** Assigned task **
Your task is to transcribe the lines from the start of the data below through the line containing "Silver Glitter Bord", inclusive, exactly as they stand and without the pictures.

--- Working data Enclosed Below ---

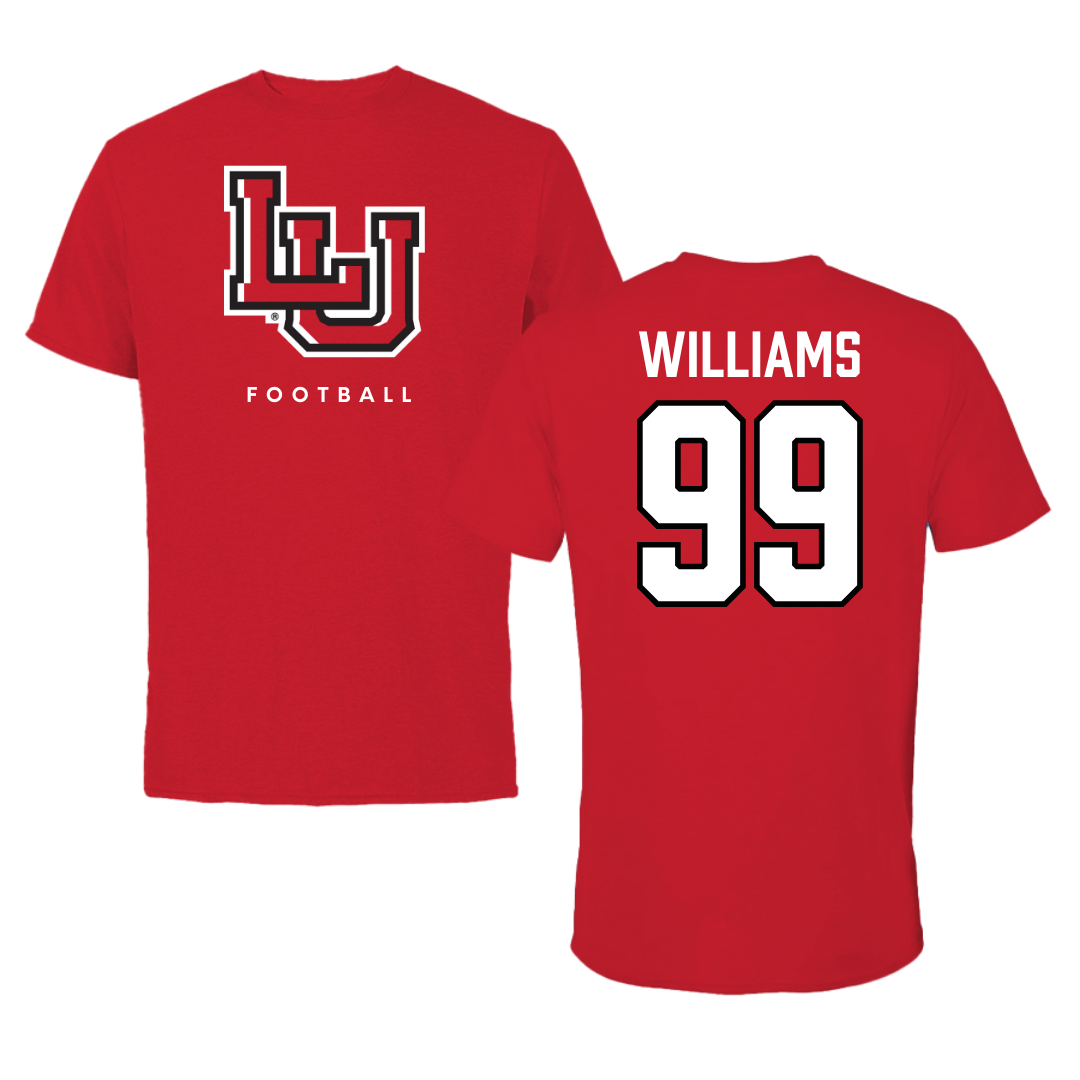 Lamar University Football Red Performance Tee - #99 Caleb Williams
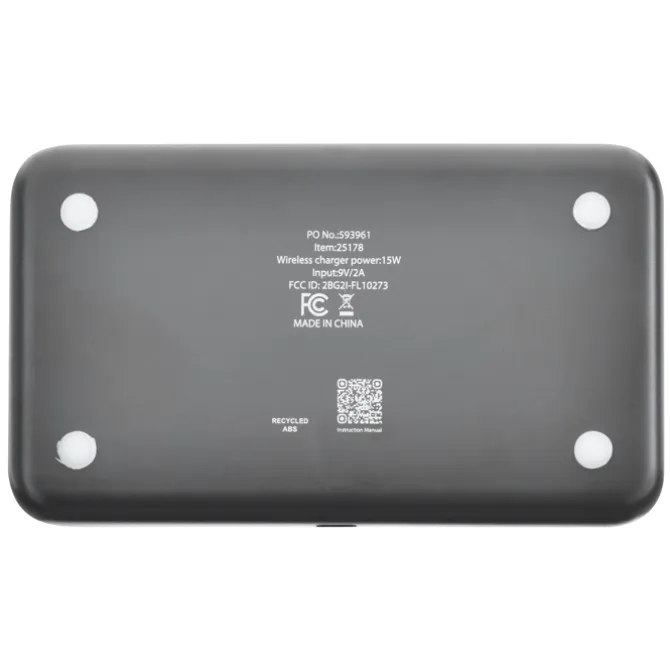 Folding 15W Wireless Charger and Phone Stand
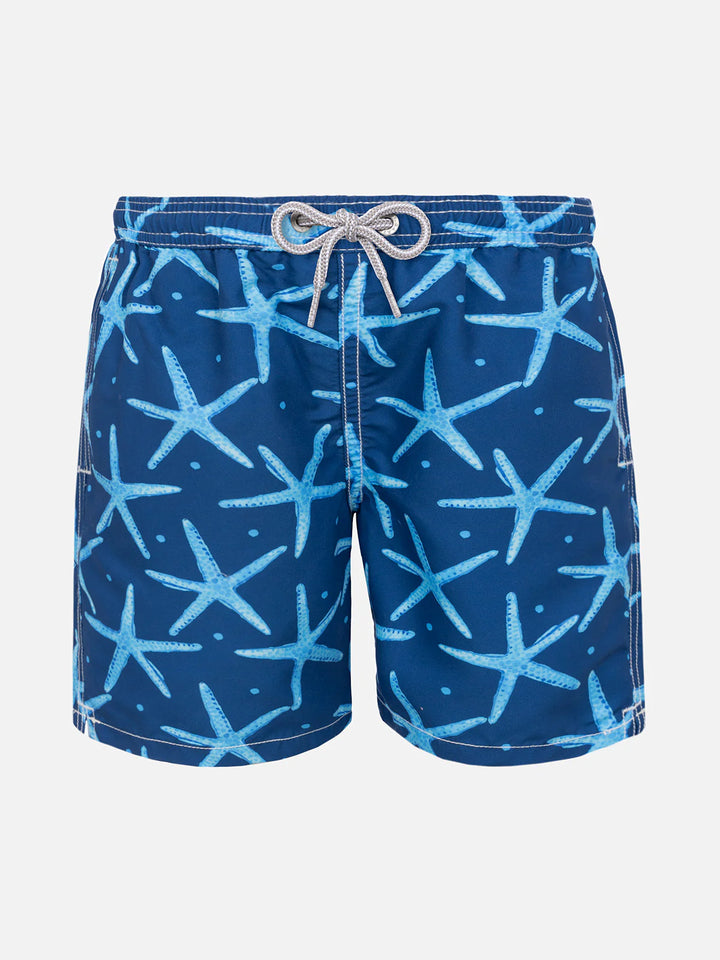 Bañador corto MC2 Saint Barth Lighting Micro Seastar | Azul marino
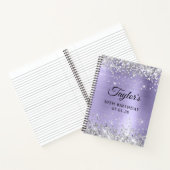 Silver Glitter Bord Lavendel 50e Verjaardags Gast Notitieboek (Binnen)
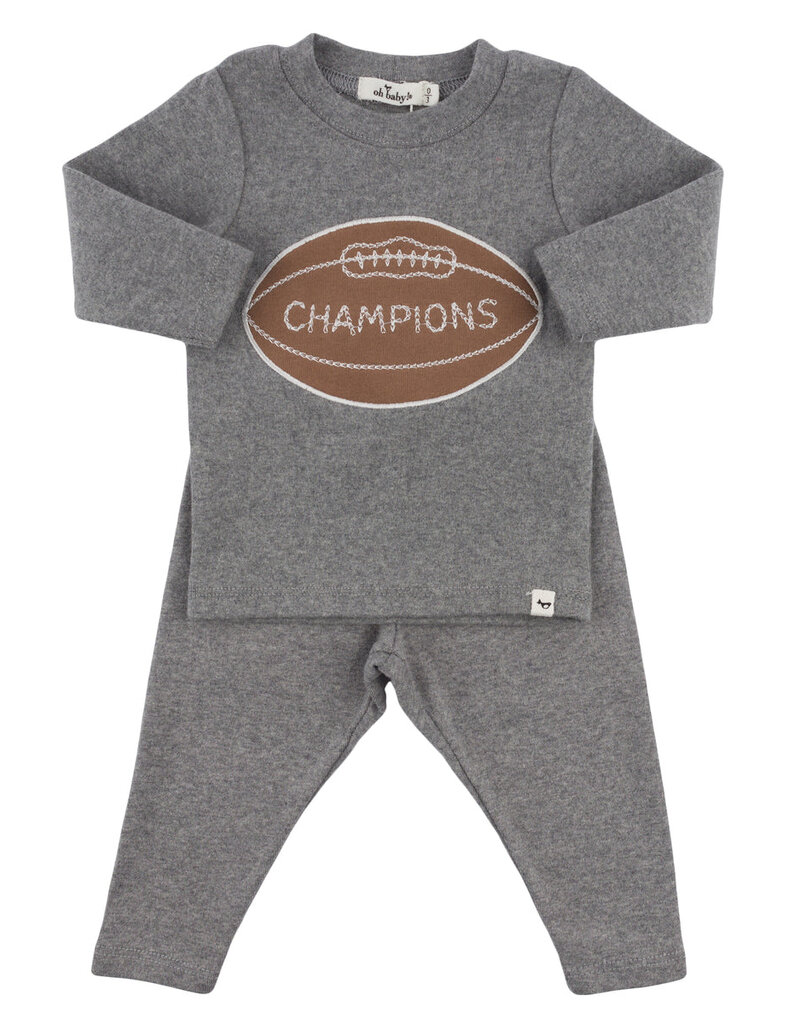 oh baby! Football Patch L/S 2pc Set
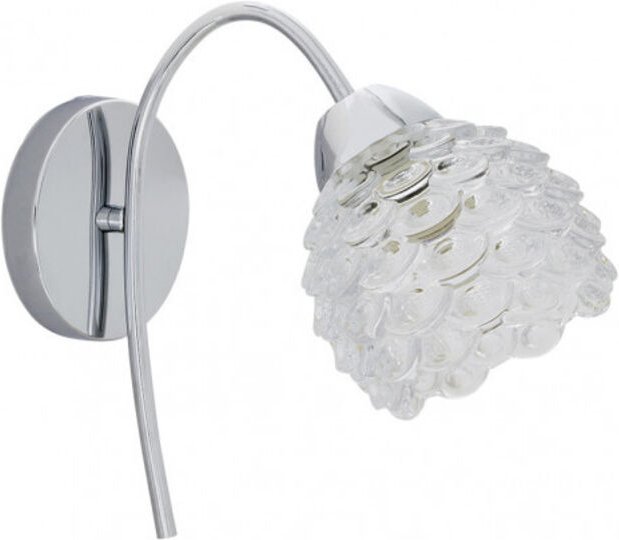 FABRILAMP - Fab 155061020 Wandleuchte Bagan 1xe14 Chrom 26x27x12 Cm - Fab 155061020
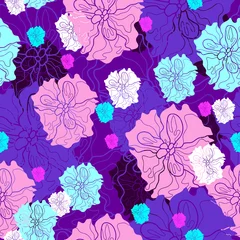 Fototapeten Floral seamless pattern © marymyyr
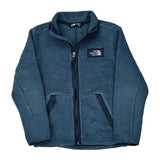 Age 7-8 The North Face Fleece Jacket - Small Blue Polyester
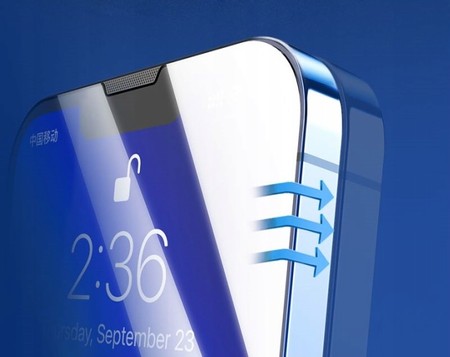 SZKŁO HARTOWANE PEŁNE DO IPHONE 13 MINI NA CAŁY EKRAN RECCI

--- End of Enclosed Working data ---

** Answer space **
 Lamar University Football Red Performance Tee - #99 Caleb Williams
 Folding 15W Wireless Charger and Phone Stand
 Bañador corto MC2 Saint Barth Lighting Micro Seastar | Azul marino
 Silver Glitter Bord Lavendel 50e Verjaardags Gast Notitieboek (Binnen)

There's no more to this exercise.